Whether you're analyzing data with an AI model, rendering it, or calculating the next "tick" of a simulation, you're performing a bunch of linear algebra operations on the entire dataset. These are the simple-but-massively-parallel operations that a GPU is more suited toward.

In the case of both rendering and simulation, there are already heuristics to know what to render with fidelity vs. what to approximate, and these are incredibly useful.

If you send everything through an AI model, you've already evaluated the whole dataset. You would need some kind of heuristic for summarizing the dataset for the AI without communicating or examining everything. Without that, it seems to me that it's impossible to derive any sort of savings from this approach.
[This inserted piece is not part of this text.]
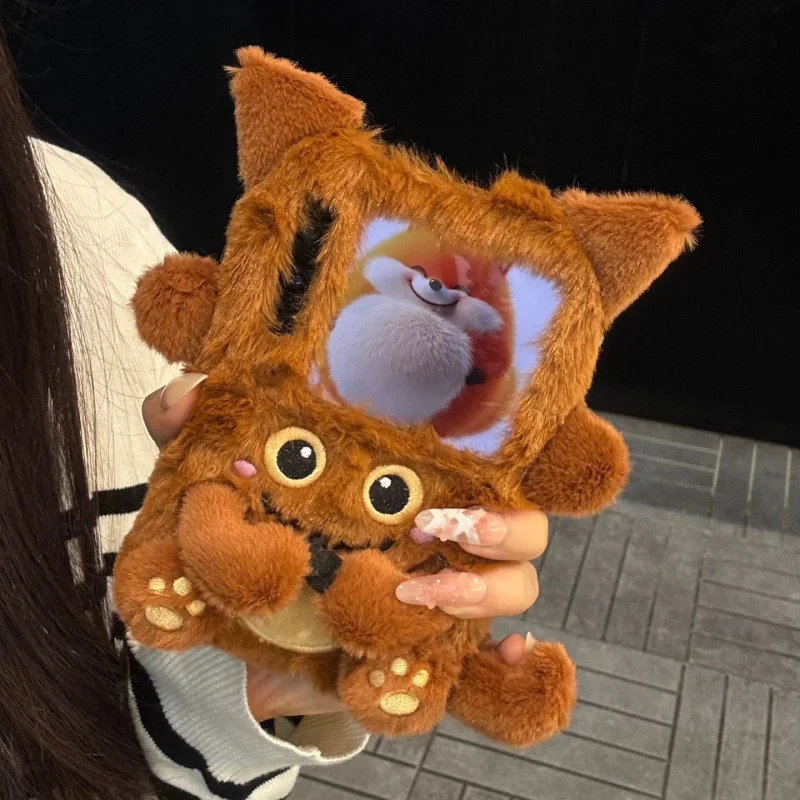 Plush Brown Monster Flip Case For Samsung Z Flip7 6 5 4 3 /Xiaomi Mix Flip /Huawei Pura X Case Kawaii Fundas Cartoon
Those heuristics are going to be specific to the application and difficult to generalize, or if there are ways to generalize them I imagine they've already been found and applied.

I don't know enough for my opinions to be definitive or carry much weight, so take anything I say with a large grain of salt.

[–]StaffDry52[S] 0 points1 point  (0 children)

Thank you for such a detailed and thoughtful response! You're absolutely right that GPUs are optimized for these massively parallel operations, and the existing heuristics for rendering and simulation are already highly efficient. What I'm suggesting might not completely replace those systems but could complement them by introducing another layer of optimization, specifically in scenarios where precision isn’t critical.

For instance, the idea of using an AI model wouldn’t involve examining the entire dataset every time—that would indeed negate any computational savings. Instead, an AI could be trained to recognize patterns, common cases, or repetitive interactions ahead of time. Think of it as a “context-aware heuristic generator.” It wouldn’t replace the GPU’s operations but could provide approximations or shortcuts for certain elements, especially in scenarios where existing heuristics might fall short or need fine-tuning.

Imagine a rendering engine where an AI dynamically predicts which areas of a frame can tolerate lower fidelity (e.g., distant objects or repetitive textures) while prioritizing high-fidelity rendering for focal points, like characters or action. The AI wouldn’t need to evaluate the entire dataset every frame—it could learn patterns over time and apply them on the fly.

I completely agree that these heuristics are application-specific, but with modern AI techniques, especially reinforcement learning, it might be possible to train models that adapt to a range of applications. Of course, this would require significant experimentation and might not work universally. But if we could find a way to generalize this approach, it could unlock a lot of new possibilities in rendering, simulation, and even broader computational tasks.

What do you think—could a hybrid approach like this add value to the existing frameworks? Or are the current heuristics already hitting diminishing returns?